Published on 12:00 AM, February 27, 2020

Assange tried to contact Clinton over data dump

His lawyer tells UK court during extradition hearing

Julian Assange tried to contact Hillary Clinton and the White House when he realised that unredacted US diplomatic cables given to WikiLeaks were about to be dumped on the internet, his lawyer told his London extradition hearing on Tuesday.

Assange is being sought by the United States on 18 counts of hacking US government computers and an espionage offence, having allegedly conspired with Chelsea Manning, then a US soldier known as Bradley Manning, to leak hundreds of thousands of secret documents by WikiLeaks almost a decade ago.
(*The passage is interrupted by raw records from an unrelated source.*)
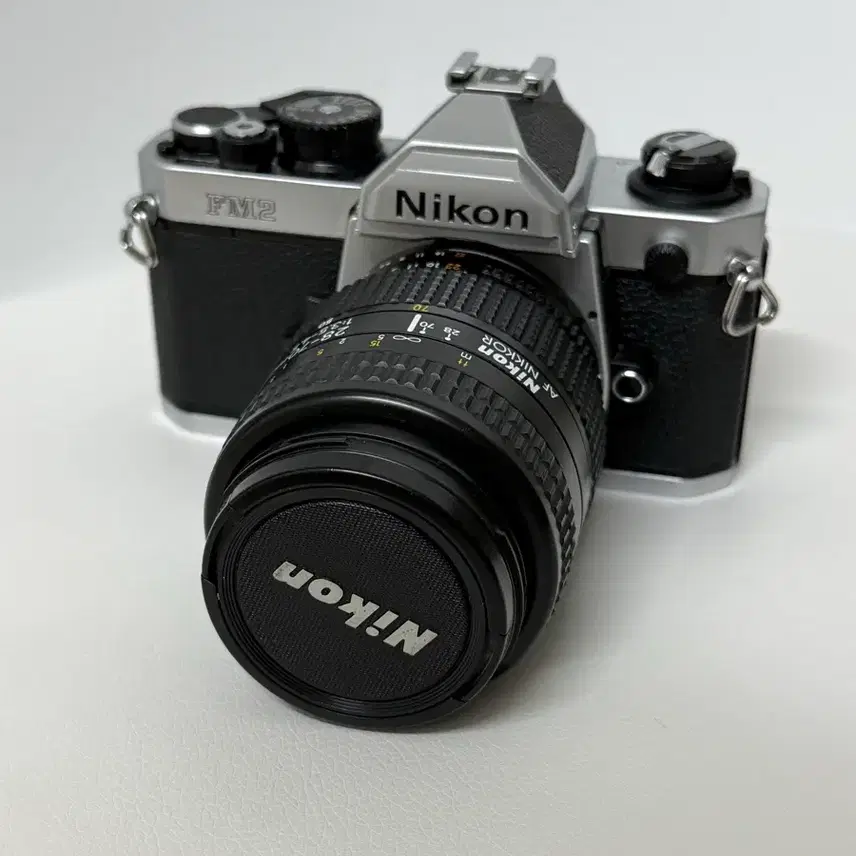 니콘 FM2 (후기형) + af28-70d 렌즈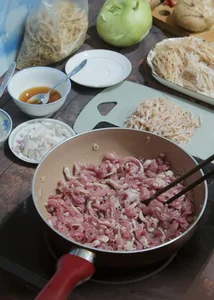 Discovering Canh Thang Muc: The Rare and Sophisticated Traditional Hanoi Dish Nearly Lost to Time - image 9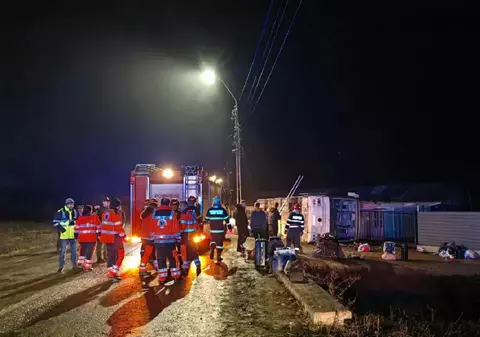 Cod roșu de intervenție, în timpul nopții: un autocar cu 35 de oameni la bord s-a răsturnat la intrarea în Pașcani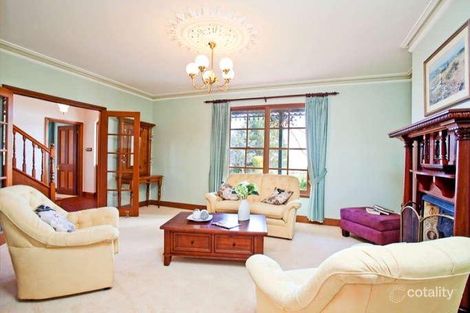 Property photo of 17 Farming Crescent Hallett Cove SA 5158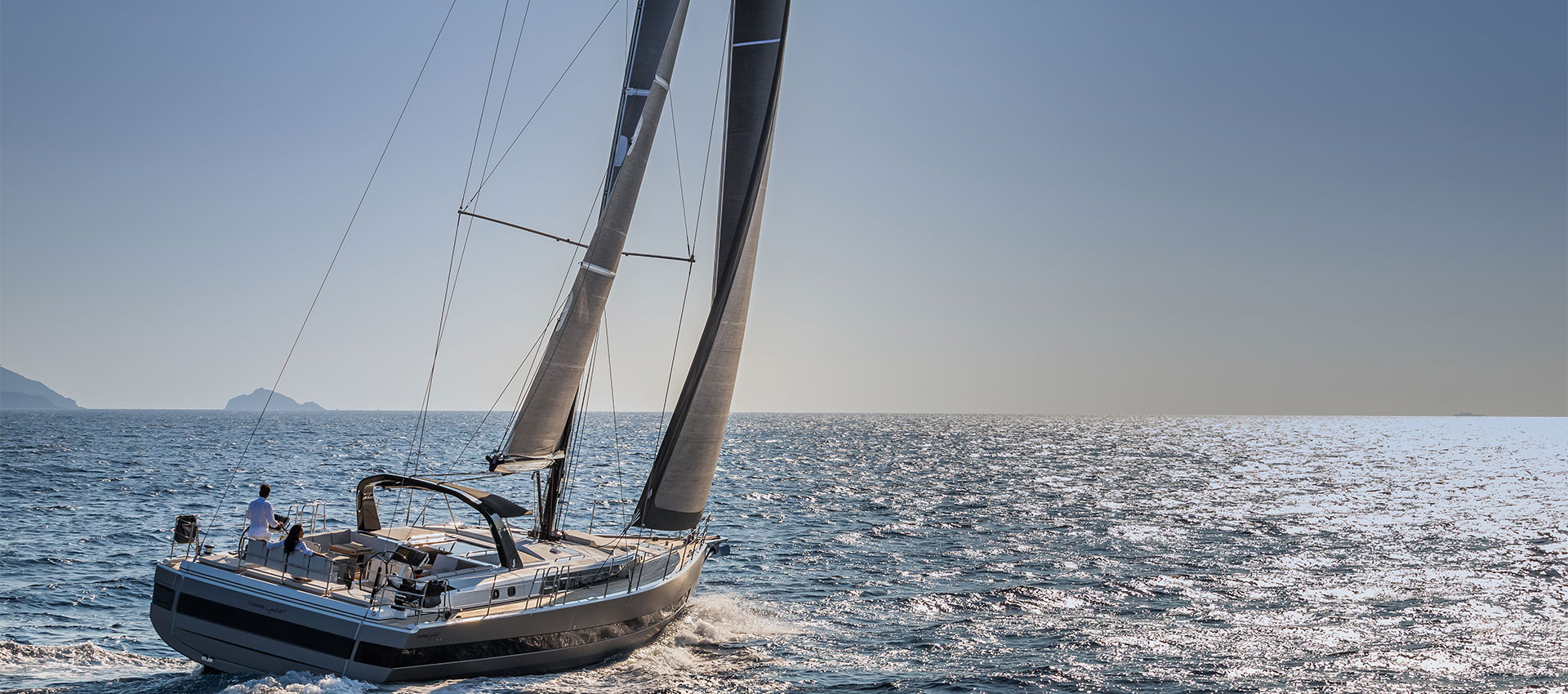 Oceanis Yacht 62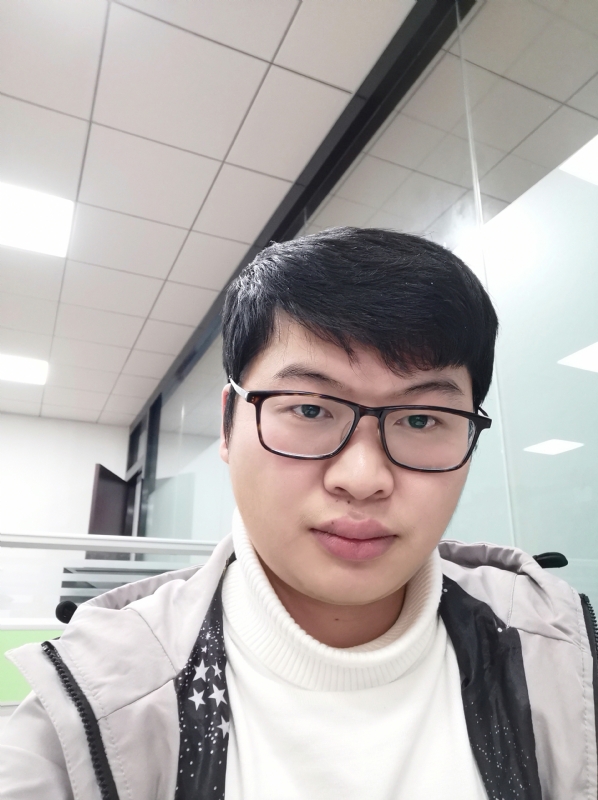 乀漓洛的第一张照片--青岛相亲服务中心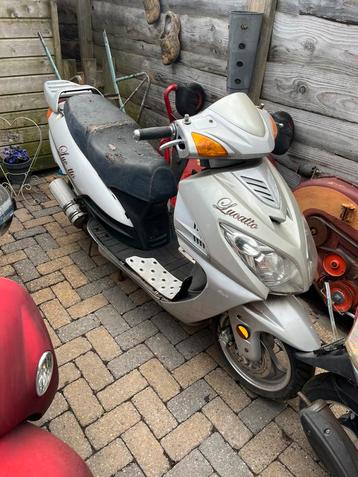 2 x loop sloop scooters voor onderdelen beschikbaar voor biedingen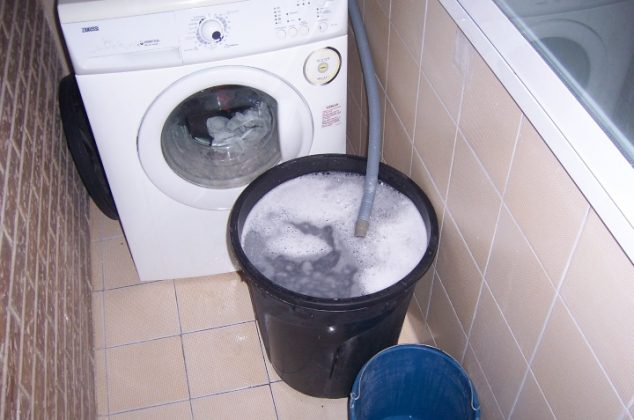 ¡No la desperdicies! Así puedes reutilizar el agua de la lavadora, según la UNAM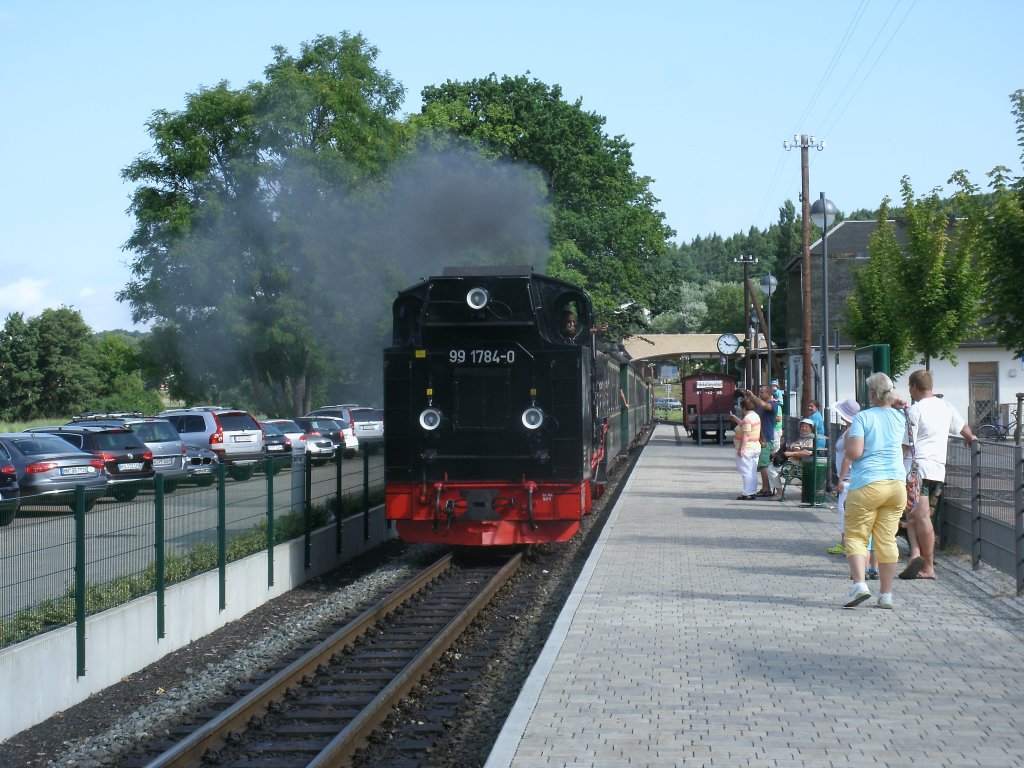 99 1784 kam,am 04.August 2013,mit dem P223 Binz-G�hren in Baabe an.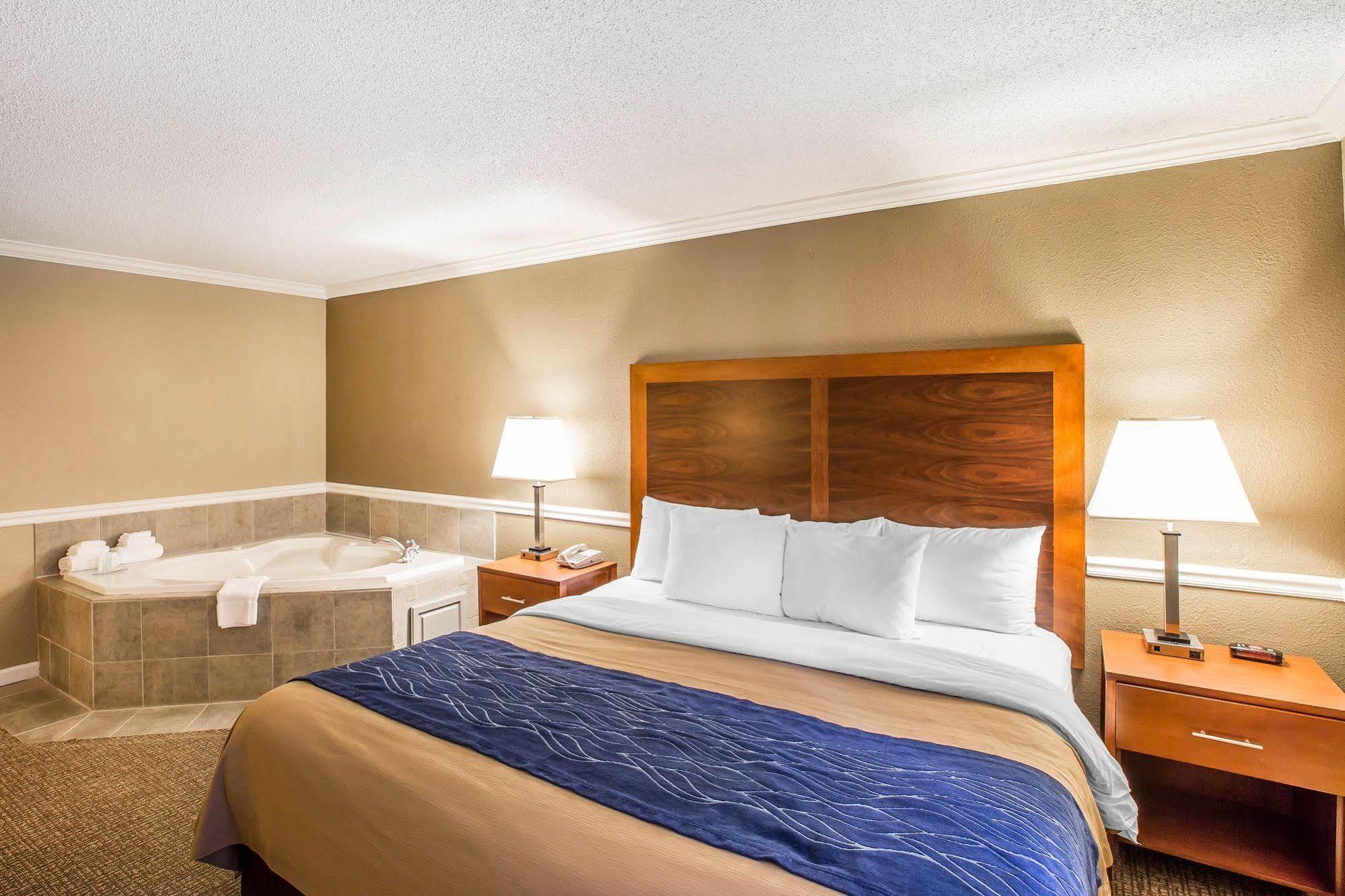 Four Points By Sheraton Brunswick Bagian luar foto
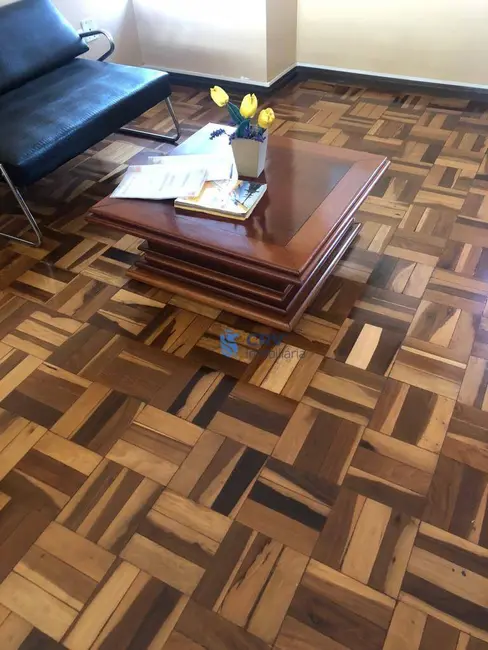 Foto 21 de Sobrado à venda, 870m2 em Centro, Londrina - PR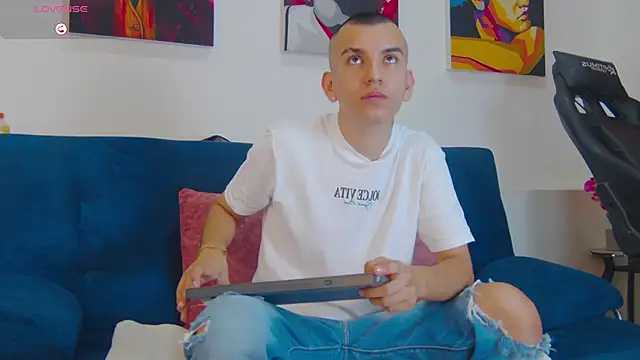 Rowan_Cley Live XXX Chat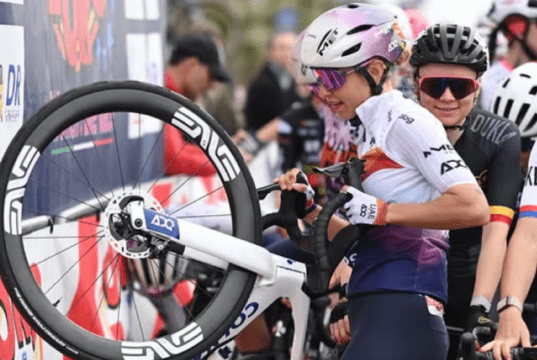 Giro delle Fiandre: Elisa Longo Borghini prova il tris, Silvia Persico e Elisa Valtulini al lavoro per le compagne Silvia Persico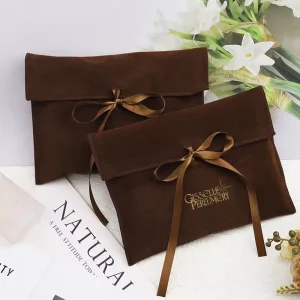 Custom Logo Velvet Envelope Pouch with Ribbon Bow Small Jewelry Packaging Bag Makeup Toiletry Gift Pouch Dust Bag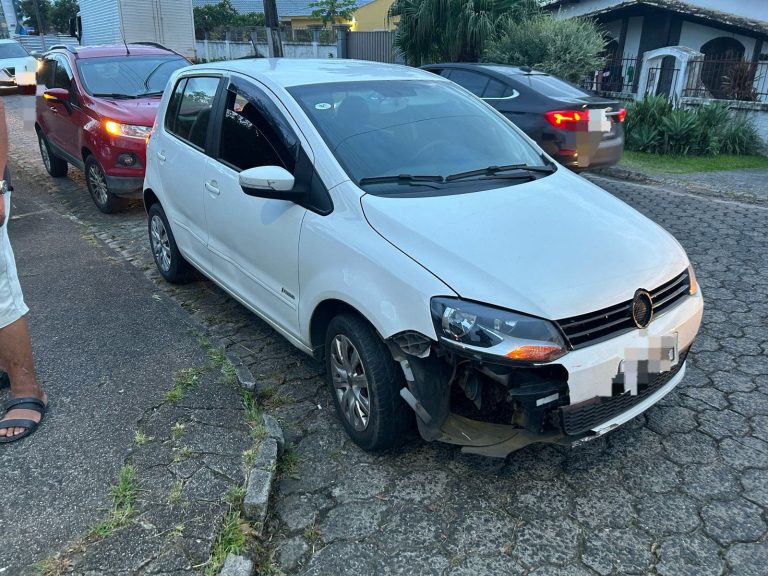 Carro é atingido por duas motocicletas em cruzamento de Criciúma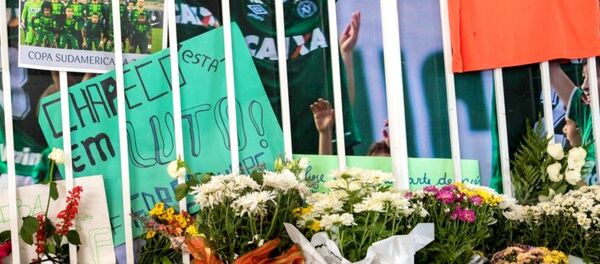 Torcedores do Chapecoense prestam homenagens na arena Condá (SC) - Sputnik Brasil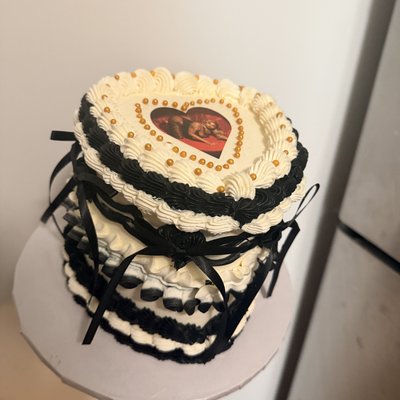 Vintage Heart Shape cake 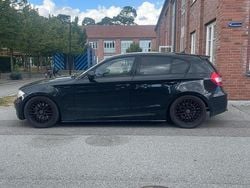 Svart Begagnad 2006 BMW 130 Comfort Edition Halvkombi | 120 000 kr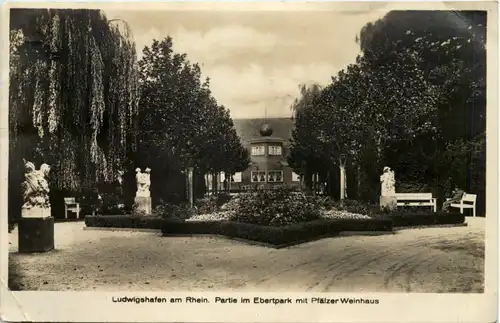 Ludwigshafen, Partie am Ebertpark mit Pfälzer Weinhaus -525756
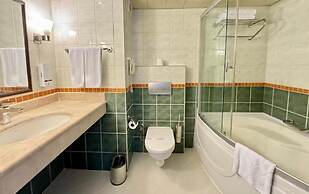 Best Western Plus Khan Hotel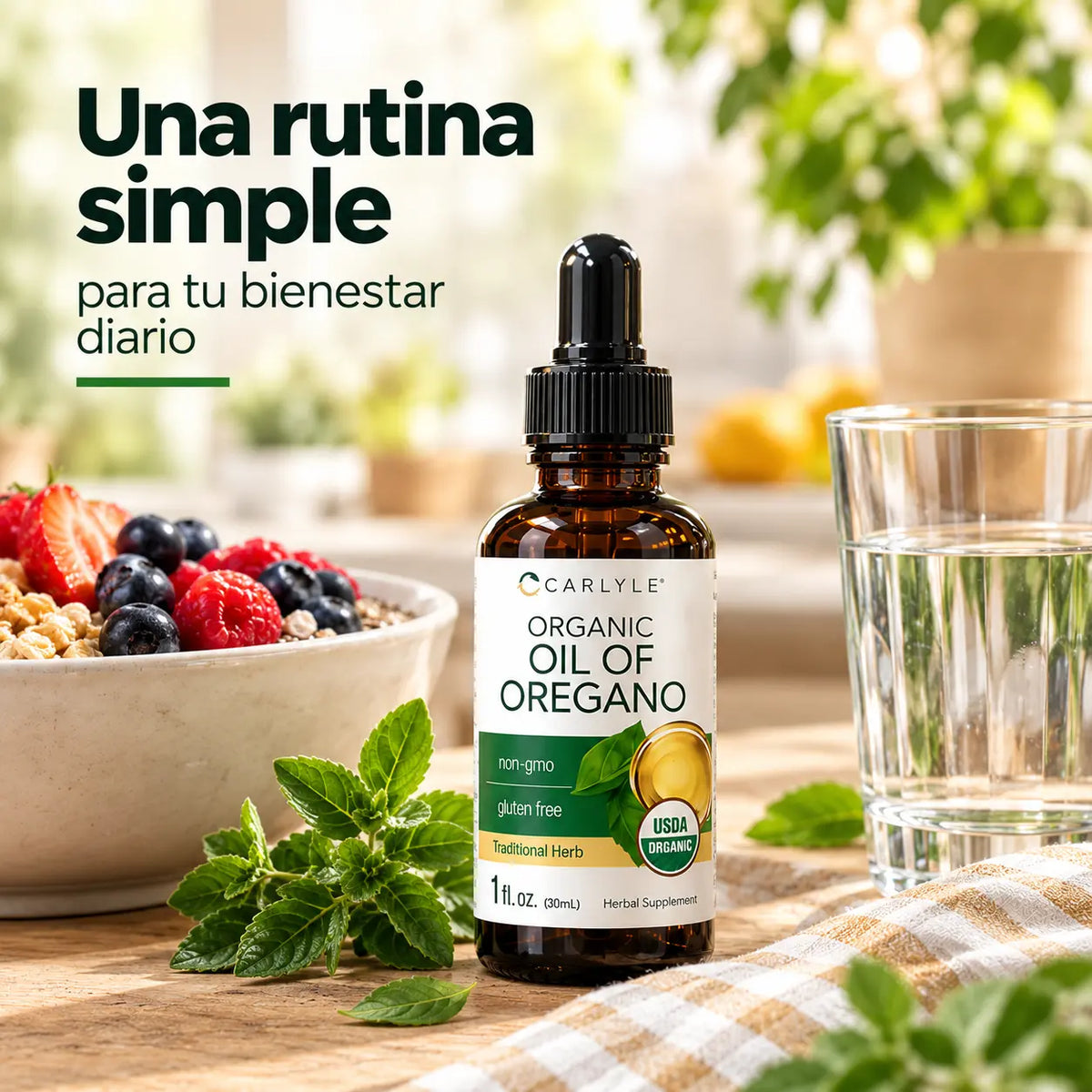 Frasco Carlyle junto a un desayuno con frutos rojos y un vaso de agua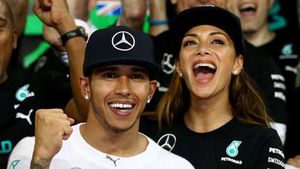 Lewis Hamilton nu a uitat-o pe frumoasa Nicole Scherzinger. Noua iubită a pilotului seamănă izbitor cu artista, doar că este cu 20 de ani mai tânără | GALERIE FOTO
On Monday, the lawyer representing the United States told the hearing that Assange, 48, was wanted for crimes that had endangered people in Iraq, Iran and Afghanistan who had helped the West, some of whom later disappeared.

Outlining part of his defence, Assange's lawyer Mark Summers said allegations that he had helped Manning to break a government password, had encouraged the theft of secret data and knowingly put lives in danger were "lies, lies and more lies".

He told London's Woolwich Crown Court that WikiLeaks had received documents from Manning in April 2010. He then made a deal with a number of newspapers, including the New York Times, Britain's Guardian and Germany's Der Spiegel, to begin releasing redacted parts of the 250,000 cables in November that year.

Summers also said Assange attempted to warn the US government, calling the White House and attempting to speak to then- Secretary of State Clinton, saying "unless we do something, people's lives are put at risk".